Friday, April 2, 2010
Godzilla Resurrected - a note from Paul
Decay and corruption can only hold power over something that is dying. That is an amazing thought to me. My entire Christian life was rocked when I heard the admonition “do not try to change the old man, he’s dead, put him off.” Yet daily my spiritual eyes grow heavy and I slip back into a comfortable dream world like being lulled to sleep by a lullaby. A place where visions of getting it all together and organized fill me with false hope and the bravado which endangers myself and others.
Or worse maybe. My head dances with the nightmare of a zombie, an animated corpse, whose desperate attempts to conduct itself as one of the living fills itself only with frustrated anger. Perhaps that is why those movies are violent, the acting out of a hidden self-loathing. Perhaps that is why we find so often in Christian circles an atmosphere of cultured and highly refined abuse. Where the individual’s worth is rejected, ever so delicately, and the group’s purity is embraced instead.
The desire for a Savior who only “instructs“ is a poison that goes down like a chocolate Easter bunny. Ears tickle with the oath “I will save the rest” but soon the whole thing sits in your belly, churning away. One more book, one more bit of new knowledge, some choice bit of info, calls out as if it could reanimate a stone heart. “Learning “ dances before our eyes enticing us with the lie that it has the breath of life to offer, but it will only leave us panting in exhaustion after the waltz.
When God enlightens the heart it is never with words void of power. The master over his creation, he gives life not with ideas or ideologies, but with words carried on the wind of his breath. That is why he said “The Spirit gives life; the flesh counts for nothing. ... Human effort accomplishes nothing. And the very words I have spoken to you are spirit and life. ...” The true power in scripture is found in accepting the speaker, not just the spoken.
All this thought from the memory of a film clip that resurfaces from time to time in my mind. This short scene has traveled with me like a hidden message unopened until this year. A flash of a recollection that the adult in me, busy with bills and family, has time and again brushed aside. But now the seal of it was broken by some gentle breeze passing over it, or maybe by the few moments of acceptance I gave it. It wasn’t written or shot with the intention of communicating things eternal. Dear God, not at all. This is something from the world of a child, something a boy once thrilled over. Godzilla.
Not the Original black and white masterpiece with its slow and deliberate shots of the Japanese suffering from radiation sickness. Ho No, nothing so grand. It’s from the class of movies with men in rubber monster suits tramping about on a set of miniatures, dueling out. Movies complete with toy tanks and jet planes on wires and poor dubbing. They are the purely ridiculous Saturday morning creature double feature ones.
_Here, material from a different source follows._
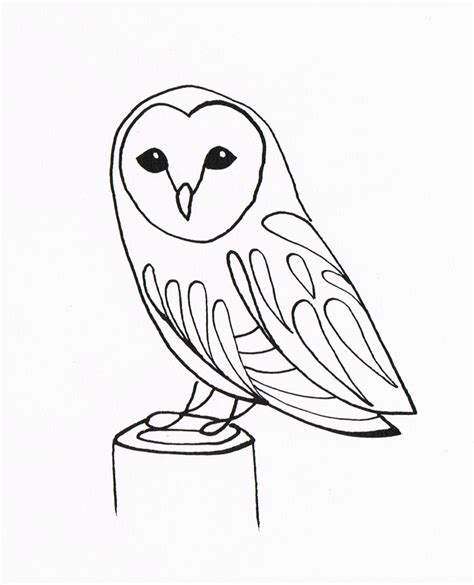 owl  drawing   owl  drawing png images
Godzilla is defeated. Two monsters completely trounce him into submission, and bury him alive beneath tons of dirt. One of the hideous beasts actually dances on his grave tamping down the earth till there is only one conclusion, Godzilla is dead. The hero of Japan is gone leaving Destruction free to roam and destroy. Time passes in the film, and with it, all hope in a childish mind … But then the earth begins to stir as if some invisible hand was reaching down to dig. A young heart skips a beat. The evil victors in their rampage pause as a grave explodes; and claws raised, Godzilla roars his challenge. His eyes levy with his foes, sand pours off his face. You know he is undefeatable now – for hell only has power over that which is dead, never over something resurrected.
I think of this clip that popped in my mind from time to time and wonder. Did an almighty God, a being of incalculable power, sit down with a young sparrow of a boy and fellowship with him watching a meaningless movie? Did he highlight an image of baptism, of redemption, and give the boy his first glimpse of the Gospel? Could it be even remotely true that God is that involved in our lives to leave a message that he has always been there?
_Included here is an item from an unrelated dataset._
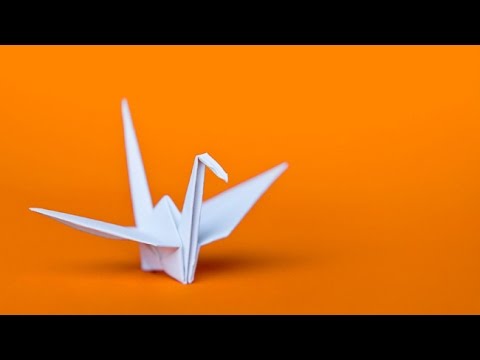 Video: Làm Thế Nào để Làm Một Con Chim Origami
Or is it just as the adult, intellectual, reasonable man would say, “The middle aged mind romanticizes the past” or “this is a common and misleading phenomenon produced in the psychology of a developing mind resurfacing through the trigger of stress in the adult life.”
Well …to hell with all that reasonable babble. I am tired of being lulled to sleep by a lullaby of rationality. I am tired of managing dead flesh with dead words. I want to become like a little child with my Father. I want to believe.